In fact if you are working with a non-governmental organization (NGO) in the former Soviet Union and you are worried about the government invading your stuff then using the Google suite is probably a good idea. It’s not a good idea if you are worried about the US government invading your stuff. But if you are worried about other governments invading your stuff then the Google suite is very good product.

But there are going to be these big breaches. So from now on every couple of weeks, several million people will show up at the doors of privacy advocates and say, “Hey, you were right all along, now what do we do?” And we need answers for it, we need tools for it. We need usable stuff that they can use to do what they wanted while keeping them secure. That’s the thing we are going to have to do.

You used to be a Mac OS X user then you moved to Linux. What do you use these days?

Sitting here talking to you, I am using a Lenovo ThinkPad X250 running Ubuntu 15.04 and next to me is a Purism 12” that’s running Ubuntu 15.10.

You don’t use the Long Term Support (LTS) edition of Ubuntu?

I don’t use LTS. I generally want more cutting edge features. I am actually trying to figure out what kind of hardware I am going to use. I find a touchpad without physical buttons hard to use. Thinkpads have started to move away from it for couple of versions so that leaves me with some of the Thinkpads. But I found x240 and x250 not nearly rugged enough for my use. I killed one of each in less than a year.

What do you do with your hardware to wear it out so fast?

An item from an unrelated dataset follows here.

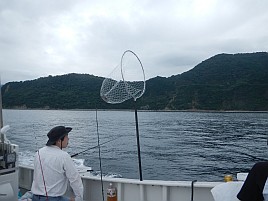 本日、大人はウィリーにおさわり禁止…カイワリほげたぞ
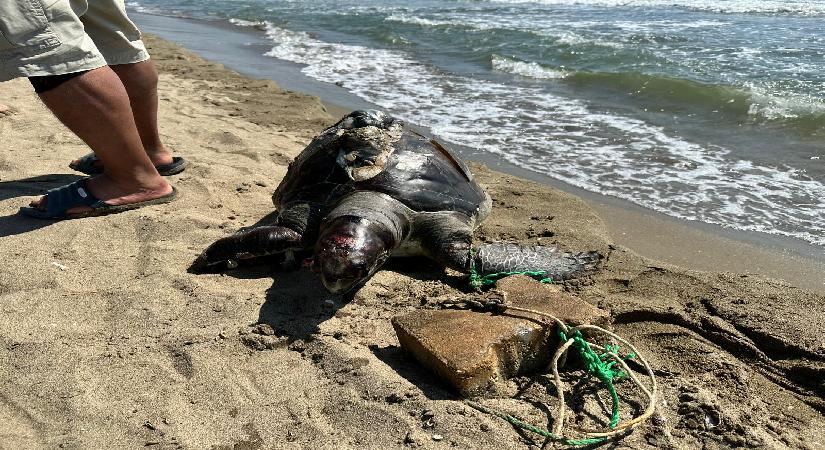 Bir haftada ikinci olay. Parke taşı bağlanan deniz kaplumbağası meyyit bulundu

I travel like crazy. It’s always in a bag getting bounced around. I think Thinkpads, from x60 to x230 were so rugged, beautiful and brilliant. Their IBM Global Services warranties were amazing. Once I was in Mumbai, India and a technician came and fixed it on my desk for free, within 24 hours of filing the complaint, even though I bought the laptop in London. I have not used their warranty for a while, but Lenovo bought IBM Global Services, so I worry is it’s not as good as it was.

In a recent report EFF praised Apple for protecting people’s privacy? Would you reconsider using Macs or iPhones?

No, because although they have done something good in that domain, remember the thing that Apple and Google didn’t do was change the defaults. I am capable of changing that default.  I don’t use Gmail; I have my own mail server that’s not hosted on Google. So I don’t need to know if my data on Google is secure or not as I don’t use Google’s cloud.

When it comes to hardware, what I am more interested in is whether I can get open hardware in a phone and install my own firmware on it. So it’s transparent. It’s backdoors are at least liable to inspection without risking prosecution and felony for DMCA violation. I get Nexus devices, I am talking to you on Nexus 5x and have installed CyanogenMod on it.